Ai microfoni del podcast lo chef parte da Napoli e da una famiglia in cui la cucina non era un sogno, ma una fatica ben conosciuta. Il padre, insegnante all’alberghiero, cercò in ogni modo di dissuaderlo. "Quando gli dissi che volevo fare il cuoco, mi rispose: "Fai qualsiasi cosa, ma non il cuoco". Mi spiegò che avrei perso la famiglia, le feste, il sabato e la domenica. Mi disse: "Prendi un pennarello nero e colora di nero anche le giornate rosse sul calendario. Non ci sono vacanze, quando gli altri festeggiano, tu lavori"".

Il rifiuto iniziale fu netto. "Mio padre mi girava alla larga, non accettava che andassi all’alberghiero. Poi ha visto che volevo davvero, volevo, volevo. E allora ha detto: "Vai!"" Cannavacciuolo aveva solo 13 anni, studiava e lavorava già, con addosso una pressione costante. "Mio padre andava dai miei professori e diceva: "Dovete far cambiare idea a mio figlio"". Accanto a lui, una madre più incline a sostenere che a frenare.

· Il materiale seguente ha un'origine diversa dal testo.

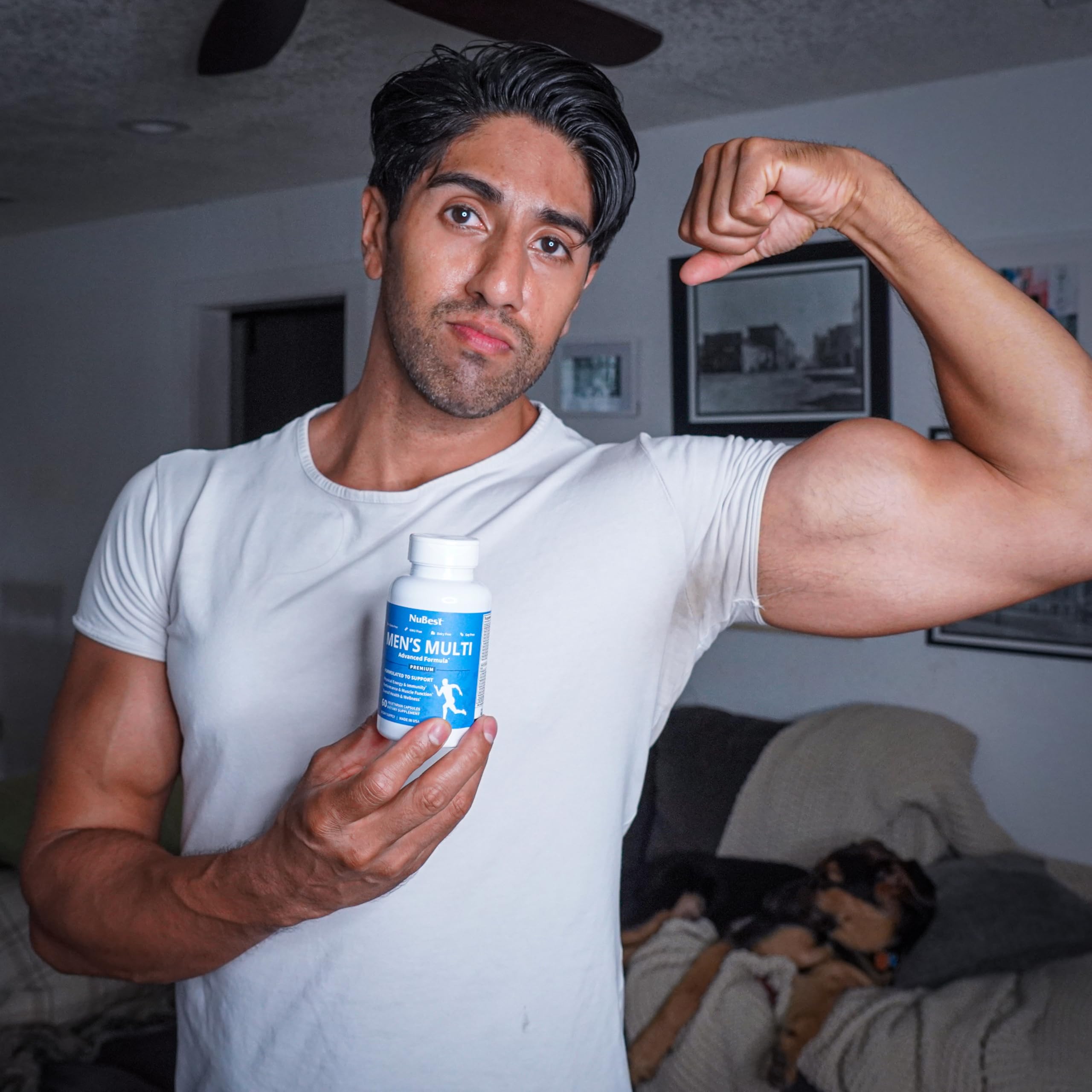 NuBest Horny Goat Weed Supplement close-up of capsules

L’approvazione del padre non arriverà mai in modo diretto. Quando Antonino gli porta il primo articolo importante, la reazione è asciutta. "Il primo articolo importante lo portai a Napoli. Lui lo lesse tutto, cinque o sei pagine, poi mi disse solo: "Se è vero quello che c’è scritto, ci deve essere un seguito"". Una durezza che oggi lo chef riconosce come decisiva. "Quella cosa lì è stata la mia benzina. Ha funzionato, hai visto?".

Villa Crespi entra nella sua vita senza un vero piano. "Non ho deciso io - dice Cannavacciuolo -. Sono quei momenti strani della vita". Sta lavorando sul lago d’Orta quando arriva la proposta di prendere in gestione la villa appena chiusa. Il primo pensiero è diffidente. "Ho pensato subito: dov’è la fregatura?".

La risposta è nei conti: affitti anticipati, inverni senza incassi, una struttura enorme da sostenere. Antonino e Cinzia accettano comunque. "A gennaio giocavamo alle tre carte – racconta - ad agosto lavoravamo bene, ma quando arrivava febbraio servivano tutti i santi".

Il riconoscimento arriva con le guide. Prima Gambero Rosso, poi Michelin. Alla notizia delle Tre Forchette reagisce d’istinto. "Ho attaccato il telefono". Da lì l’accelerazione è costante, ma una certezza non cambia mai. "Il pensiero di non farcela non c’è mai stato. Non l’ho mai contemplato".